GK-Transformer (Galerkin Transformer)¶
The Galerkin Transformer is an attention-based operator learner that replaces softmax attention with a projection-based formulation.
Reference Paper: Cao, NeurIPS 2021.
@article{cao2021choose,
title={Choose a transformer: Fourier or galerkin},
author={Cao, Shuhao},
journal={Advances in neural information processing systems},
volume={34},
pages={24924--24940},
year={2021}
}
RealPDEBench interface¶
- Input:
xwith shape[B, T_in, H, W, C_in] - Output: predictions with shape
[B, T_out, H, W, C_out]
Implementation notes (RealPDEBench)¶
- If no coordinate grid is provided, the model constructs a normalized
(t, x, y)grid internally. - The regressor maps latent representations back to field space and then reshapes to the benchmark time dimension.
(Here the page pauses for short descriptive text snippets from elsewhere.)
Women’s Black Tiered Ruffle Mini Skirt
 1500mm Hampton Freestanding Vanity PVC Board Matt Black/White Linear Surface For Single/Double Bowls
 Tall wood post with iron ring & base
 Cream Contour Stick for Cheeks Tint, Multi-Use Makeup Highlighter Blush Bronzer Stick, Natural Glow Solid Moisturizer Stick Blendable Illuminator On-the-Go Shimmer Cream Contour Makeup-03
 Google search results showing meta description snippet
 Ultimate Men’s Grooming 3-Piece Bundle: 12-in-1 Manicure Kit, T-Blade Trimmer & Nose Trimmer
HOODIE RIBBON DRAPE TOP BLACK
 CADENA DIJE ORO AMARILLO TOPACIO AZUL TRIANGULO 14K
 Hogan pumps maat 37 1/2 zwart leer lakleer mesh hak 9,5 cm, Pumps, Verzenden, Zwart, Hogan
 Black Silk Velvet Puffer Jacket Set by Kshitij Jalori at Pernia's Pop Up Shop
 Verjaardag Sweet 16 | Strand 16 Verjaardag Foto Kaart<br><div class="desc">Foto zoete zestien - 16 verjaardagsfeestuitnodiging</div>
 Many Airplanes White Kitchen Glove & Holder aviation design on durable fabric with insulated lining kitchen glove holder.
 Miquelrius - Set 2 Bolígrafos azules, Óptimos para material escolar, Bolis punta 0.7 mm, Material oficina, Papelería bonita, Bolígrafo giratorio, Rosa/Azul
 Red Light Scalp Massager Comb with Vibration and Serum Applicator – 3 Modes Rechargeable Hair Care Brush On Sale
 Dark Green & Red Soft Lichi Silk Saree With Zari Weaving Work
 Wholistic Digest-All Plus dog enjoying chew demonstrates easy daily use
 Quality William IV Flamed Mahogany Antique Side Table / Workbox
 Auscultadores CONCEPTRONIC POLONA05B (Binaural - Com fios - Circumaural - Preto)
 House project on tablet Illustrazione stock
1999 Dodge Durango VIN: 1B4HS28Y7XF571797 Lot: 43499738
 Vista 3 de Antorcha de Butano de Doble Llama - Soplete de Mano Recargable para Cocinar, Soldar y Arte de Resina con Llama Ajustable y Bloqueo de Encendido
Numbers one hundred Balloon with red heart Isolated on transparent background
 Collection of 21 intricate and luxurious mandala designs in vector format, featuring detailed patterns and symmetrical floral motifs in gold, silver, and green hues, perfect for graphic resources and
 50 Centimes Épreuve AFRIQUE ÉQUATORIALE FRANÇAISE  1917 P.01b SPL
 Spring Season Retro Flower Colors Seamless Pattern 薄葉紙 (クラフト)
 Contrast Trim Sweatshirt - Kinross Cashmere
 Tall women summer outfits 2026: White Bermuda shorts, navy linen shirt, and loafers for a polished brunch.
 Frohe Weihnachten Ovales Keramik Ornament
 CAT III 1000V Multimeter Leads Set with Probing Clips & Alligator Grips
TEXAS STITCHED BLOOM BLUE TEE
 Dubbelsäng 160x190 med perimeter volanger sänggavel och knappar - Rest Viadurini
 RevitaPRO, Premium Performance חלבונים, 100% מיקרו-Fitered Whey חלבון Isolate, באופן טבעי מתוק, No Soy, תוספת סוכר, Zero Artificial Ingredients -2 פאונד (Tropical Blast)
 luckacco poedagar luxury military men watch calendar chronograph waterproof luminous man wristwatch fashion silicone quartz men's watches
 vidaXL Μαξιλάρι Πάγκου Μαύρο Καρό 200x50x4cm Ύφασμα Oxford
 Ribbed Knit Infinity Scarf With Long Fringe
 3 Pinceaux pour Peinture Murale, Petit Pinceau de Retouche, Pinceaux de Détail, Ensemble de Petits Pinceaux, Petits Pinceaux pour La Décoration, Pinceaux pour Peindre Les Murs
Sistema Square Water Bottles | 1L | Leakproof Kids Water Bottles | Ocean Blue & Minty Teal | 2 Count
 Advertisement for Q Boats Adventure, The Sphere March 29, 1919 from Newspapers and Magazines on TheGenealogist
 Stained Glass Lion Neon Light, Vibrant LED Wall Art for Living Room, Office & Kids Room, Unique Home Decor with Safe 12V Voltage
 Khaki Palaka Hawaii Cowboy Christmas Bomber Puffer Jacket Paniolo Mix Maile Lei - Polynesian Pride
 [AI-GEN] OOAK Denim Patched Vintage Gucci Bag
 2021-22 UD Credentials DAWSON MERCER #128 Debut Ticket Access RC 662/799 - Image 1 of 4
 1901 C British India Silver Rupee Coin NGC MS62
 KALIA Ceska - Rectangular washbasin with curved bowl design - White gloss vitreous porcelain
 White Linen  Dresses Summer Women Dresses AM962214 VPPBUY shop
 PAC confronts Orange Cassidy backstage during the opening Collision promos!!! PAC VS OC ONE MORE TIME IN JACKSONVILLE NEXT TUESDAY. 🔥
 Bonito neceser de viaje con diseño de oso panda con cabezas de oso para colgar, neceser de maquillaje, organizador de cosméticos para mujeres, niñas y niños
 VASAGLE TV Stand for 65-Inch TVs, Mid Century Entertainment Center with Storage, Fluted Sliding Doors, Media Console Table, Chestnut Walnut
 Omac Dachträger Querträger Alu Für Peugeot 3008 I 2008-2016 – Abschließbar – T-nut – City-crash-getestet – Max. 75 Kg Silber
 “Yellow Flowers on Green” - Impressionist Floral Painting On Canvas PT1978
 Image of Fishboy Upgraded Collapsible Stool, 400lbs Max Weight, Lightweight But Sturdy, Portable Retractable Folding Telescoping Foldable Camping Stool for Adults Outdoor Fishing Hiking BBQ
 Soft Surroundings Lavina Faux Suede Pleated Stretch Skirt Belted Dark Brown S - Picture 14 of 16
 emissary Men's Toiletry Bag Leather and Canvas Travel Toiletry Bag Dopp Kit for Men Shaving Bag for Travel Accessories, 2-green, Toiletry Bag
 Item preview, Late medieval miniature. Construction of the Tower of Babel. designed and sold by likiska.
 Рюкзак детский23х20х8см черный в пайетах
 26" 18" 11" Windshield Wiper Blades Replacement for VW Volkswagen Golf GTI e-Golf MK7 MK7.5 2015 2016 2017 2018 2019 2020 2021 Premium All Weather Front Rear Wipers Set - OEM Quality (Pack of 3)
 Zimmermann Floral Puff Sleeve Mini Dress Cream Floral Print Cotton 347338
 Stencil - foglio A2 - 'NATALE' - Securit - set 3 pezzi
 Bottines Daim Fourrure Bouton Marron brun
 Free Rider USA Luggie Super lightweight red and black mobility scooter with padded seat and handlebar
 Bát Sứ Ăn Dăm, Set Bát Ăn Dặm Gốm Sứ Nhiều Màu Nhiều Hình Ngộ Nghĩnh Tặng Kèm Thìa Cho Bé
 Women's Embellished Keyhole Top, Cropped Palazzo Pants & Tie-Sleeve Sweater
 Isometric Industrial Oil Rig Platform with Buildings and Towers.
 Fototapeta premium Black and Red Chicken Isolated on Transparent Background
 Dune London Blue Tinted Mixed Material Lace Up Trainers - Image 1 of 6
- Multi-step outputs assume \(T_\text{out}\) is a multiple of \(T_\text{in}\).
- Training uses an MSE-style objective on predicted fields.
GK-Transformer specific YAML config¶
In RealPDEBench, GK-Transformer is implemented as the Galerkin Transformer baseline and is enabled by:
model_name: "galerkin_transformer"
Config files¶
- Cylinder:
realpdebench/configs/cylinder/galerkin_transformer.yaml - Controlled Cylinder:
realpdebench/configs/controlled_cylinder/galerkin_transformer.yaml - FSI:
realpdebench/configs/fsi/galerkin_transformer.yaml - Foil:
realpdebench/configs/foil/galerkin_transformer.yaml - Combustion:
realpdebench/configs/combustion/galerkin_transformer.yaml
Model-specific keys¶
These keys are passed as **kwargs into realpdebench.model.galerkin_transformer.GalerkinTransformer3d.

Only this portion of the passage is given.